■ Extracted information ■
◆ ◆ ◆ ◆ ◆

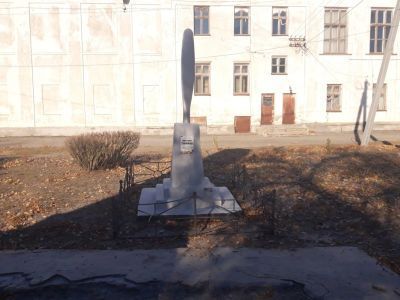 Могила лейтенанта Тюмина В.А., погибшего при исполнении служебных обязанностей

◆ ◆ ◆ ◆ ◆

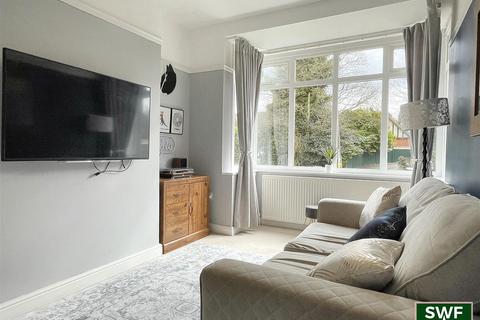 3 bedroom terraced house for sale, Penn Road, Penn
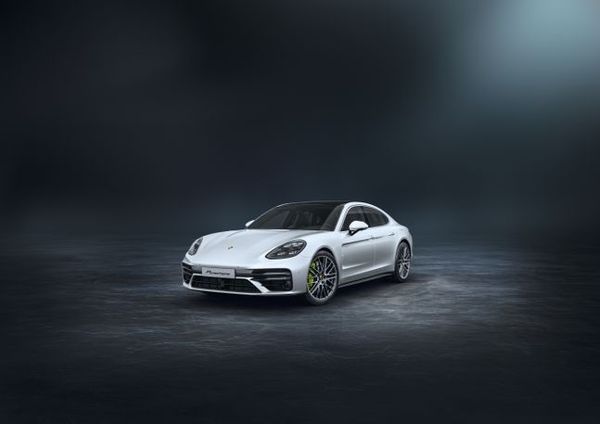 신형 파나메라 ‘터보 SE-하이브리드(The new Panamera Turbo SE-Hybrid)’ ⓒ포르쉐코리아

◆ ◆ ◆ ◆ ◆

■ Prompt ■
Copy nothing but the lines above that run from the one with "3 bedroom terraced" to the one with "신형 파나메라 ‘터보", ends included; pictures stay out.

■ Exercise response ■
 3 bedroom terraced house for sale, Penn Road, Penn
 신형 파나메라 ‘터보 SE-하이브리드(The new Panamera Turbo SE-Hybrid)’ ⓒ포르쉐코리아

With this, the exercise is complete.